The objective is to relieve airline cash and avoid high ticket prices; without change, rate jumps from 3% to 15% in 2027
The government of President Luiz Inácio Lula da Silva (PT) is preparing a measure to eliminate, by 2030, the Income Tax rate that airlines pay in aircraft rental contracts (leasing). The financing modality is used by practically all Brazilian commercial aviation.
Today, when companies like Azul, Gol and Latam pay foreign companies to rent planes, they need to collect 3% on these amounts as Withholding Income Tax, at a special rate. This differentiation ends in January 2027. If nothing is done, the airline sector will start paying the standard rate of 15% applied to shipments abroad.
The proposal wants to maintain the 3% valid throughout 2027, with the promise of a gradual reduction of 1 percentage point each following year, until the charge reaches zero in 2030.
The measure is a priority in the airline rescue plan, and is being prepared by the Ministries of Ports and Airports and Finance, with the collaboration of the private sector.
The director of SAC (National Civil Aviation Secretariat), Daniel Longo, confirmed that the measure is under analysis and aims to build a “staircase in reverse” in collecting the tax. The Ministry of Finance also stated that the issue is under detailed evaluation by the technical team.
KEROSENE RISE
The objective of the exemption is to provide financial relief to a sector in debt and exposed to exchange rate variations and the rise in QAV (aviation kerosene). The government is trying to prevent the increase in taxes from causing a new increase in fares.
SAC estimates that applying the 15% rate would add R$452 million per year to airline costs, an amount that would end up being passed on to passengers.
The plan gained strength with the recent crisis in QAV, the main aviation input. According to the government itself, the price of fuel rose 9.4% in March, 54.8% in April and 18% in May. Over the period, the increase was close to 99%. The April and May adjustments alone added around R$1.84 billion to company expenses.
This cost pressure scenario has already resulted in concrete impacts on commercial operations.
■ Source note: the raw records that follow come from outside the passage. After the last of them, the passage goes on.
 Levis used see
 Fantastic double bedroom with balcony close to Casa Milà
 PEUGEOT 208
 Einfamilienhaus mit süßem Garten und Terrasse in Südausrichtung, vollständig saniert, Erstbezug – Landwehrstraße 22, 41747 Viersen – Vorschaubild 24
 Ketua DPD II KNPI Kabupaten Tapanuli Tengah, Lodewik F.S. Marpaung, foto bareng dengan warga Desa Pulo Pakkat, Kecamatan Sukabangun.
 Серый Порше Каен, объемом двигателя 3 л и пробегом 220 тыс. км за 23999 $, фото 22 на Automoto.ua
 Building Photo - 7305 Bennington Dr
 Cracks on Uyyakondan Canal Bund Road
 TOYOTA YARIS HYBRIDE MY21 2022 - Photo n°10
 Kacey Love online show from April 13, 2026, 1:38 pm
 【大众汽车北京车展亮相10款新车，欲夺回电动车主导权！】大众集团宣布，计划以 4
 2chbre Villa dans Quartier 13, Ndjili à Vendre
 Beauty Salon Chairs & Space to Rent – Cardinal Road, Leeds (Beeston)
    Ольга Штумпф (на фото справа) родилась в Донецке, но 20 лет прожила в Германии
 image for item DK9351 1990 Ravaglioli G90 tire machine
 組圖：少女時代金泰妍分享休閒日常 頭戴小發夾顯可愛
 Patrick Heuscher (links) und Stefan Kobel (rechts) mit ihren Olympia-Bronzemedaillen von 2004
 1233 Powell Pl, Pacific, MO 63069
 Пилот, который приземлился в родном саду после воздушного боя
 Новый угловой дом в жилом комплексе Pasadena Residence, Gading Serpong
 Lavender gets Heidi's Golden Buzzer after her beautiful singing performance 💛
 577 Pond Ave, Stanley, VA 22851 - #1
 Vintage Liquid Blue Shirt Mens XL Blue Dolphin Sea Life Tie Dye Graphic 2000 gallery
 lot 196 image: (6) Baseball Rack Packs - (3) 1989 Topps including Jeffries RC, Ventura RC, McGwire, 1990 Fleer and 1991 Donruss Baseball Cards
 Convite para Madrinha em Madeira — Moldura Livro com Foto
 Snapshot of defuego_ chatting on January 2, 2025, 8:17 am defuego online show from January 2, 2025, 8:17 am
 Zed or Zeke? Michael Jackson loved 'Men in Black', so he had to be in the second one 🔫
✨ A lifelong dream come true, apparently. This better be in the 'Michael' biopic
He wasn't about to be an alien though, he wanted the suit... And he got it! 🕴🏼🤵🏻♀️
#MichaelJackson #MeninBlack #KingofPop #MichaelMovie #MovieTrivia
Between the months of February and March, domestic tickets rose 17.8%. At the same time, companies downsized their operations and more than 6,200 flights from the national schedule ceased to exist between May and June.
ENTRAVE FISCAL
The main obstacle to getting the new taxation rule off the ground is fiscal. As the current special rate was defined by law, the change requires approval by the National Congress.
Furthermore, the Fiscal Responsibility Law determines that the Executive presents a financial compensation measure to cover the loss of revenue to the public coffers. The government is considering presenting an amendment to a bill already in progress or forwarding an unprecedented proposal to parliamentarians.
OTHER TAXES
Aircraft rental is not the only area of tax concern in the sector. Airlines are also dealing with the impact of the increase in the IOF (Financial Operations Tax) on international operations, which is expected to add R$600 million annually to the sector’s expenses, as maintenance, insurance and parts contracts depend on the dollar.
There is also an effort by companies to avoid the incidence of future Selective Tax on more modern or low-emission technological planes.